We will perform the partitioning of our database using the Account table, because the data records stored in and logically connected to it do not overlap. Since we have the script for creating a database, let's try to adapt it to be used in SQL Azure Federations.

Let's assume that the database has been already created in the Windows Azure Management Portal or with the help of the SQL Server Management Studio.

Open the script for creating objects in the database.

USE xPenses
GO
IF EXISTS (SELECT name FROM sysobjects where name = N'Operation') DROP TABLE Operation
...

Pay attention that if you connect to the SQL Azure Server via SSMS to run a query, you must select the database from a drop-down list (see below).

This way you create a new federation, the data records of which are distributed by the Account ID value.
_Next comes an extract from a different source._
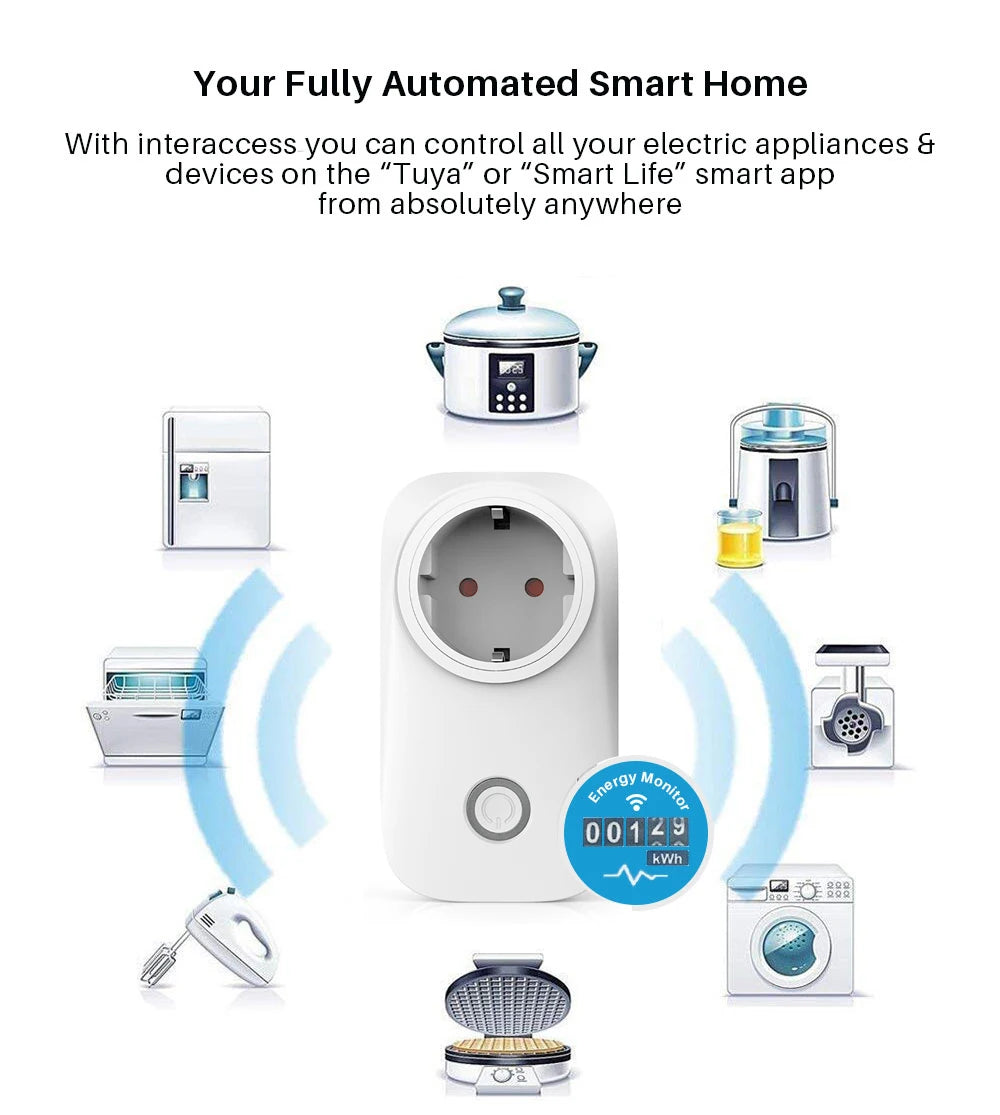 Wi-Fi Smart Plug with Energy Monitoring - Plug Options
Keep in mind that no tables exist in the database at this point, meaning the AccountId field is not yet bound to any data set from real tables. The field name may also differ from the name of the field in the table that will be used for the partition.

Here you can see another logical limitation of SQL Azure Federations. The field used for the distribution must have the INT, BIGINT, UNIQUEIDENTIFIER and VARBINARY type.

After creating the federation, you must select the first shard to begin inserting data, in other words, the shard that will store the data of the first account (AccountId = 1).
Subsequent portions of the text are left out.